If I could turn back time, I would go back to a morning in 1991 when one of my patients died and I still have regrets regarding it.
Patients can be on dialysis for many years, and they usually come for treatment three days a week. In the VA dialysis unit, we practiced what is called modified primary care nursing. This is when each patient is assigned a nurse to be responsible for them on a continuing basis. A patient’s primary nurse communicates his/her patient’s needs, concerns and problems to the nephrologist.
This nurse also makes sure medications are reordered, tests are completed, lab work is reviewed and changes in care are discussed. Patients usually get very attached to “their nurse” over time and the nurses also get attached to them.
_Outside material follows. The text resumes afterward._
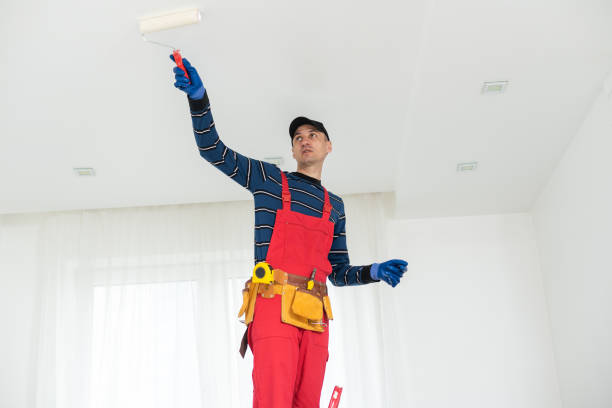 Best Residential Mold Inspection & Testing  in Spirit Lake, ID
The reason it is called modified primary care nursing is because all the nurses take care of all the patients in the unit each day. They take turns initiating and terminating each other’s patient treatments as well as monitoring them while they are on the machines. This is a good thing because at one point, nine out of eleven patients on the machines were my primary patients.
One morning, I got a call at home while I was getting ready to go to work. The head nurse on one of the chronic wards called me to say that one of my primary patients, Mr. Roger Jacobs, was now close to death and said, “I want to see June and I am not going to die until she gets here.” This man was a widower and had no children. I was his family. I told her I would be there to see him after all the dialysis treatments were started.
Once I got to work, I told the other dialysis nurses what was happening. They all told me to go; they would get all the day’s patients on the machines. I hesitated. I decided to stay and help initiate the dialysis treatments, then went. As I was walking onto the ward, I was told that Mr. Jacobs had died a few minutes before I got there.
I failed this patient. I stalled. I did not want to be there when he died and tried to prepare myself emotionally for his death so I put my needs before his. Mr. Jacobs died alone. What I wouldn’t give to have that morning to do all over again.
The patient’s name was changed.
Oh June, I’m so sorry for both of you – your patient and you. It’s tough to do the right thing every time. I know you succeeded more than you failed. That’s all we can ask of ourselves. To do our best. This is an excellent piece – I know I’ve read it before but I still care about it.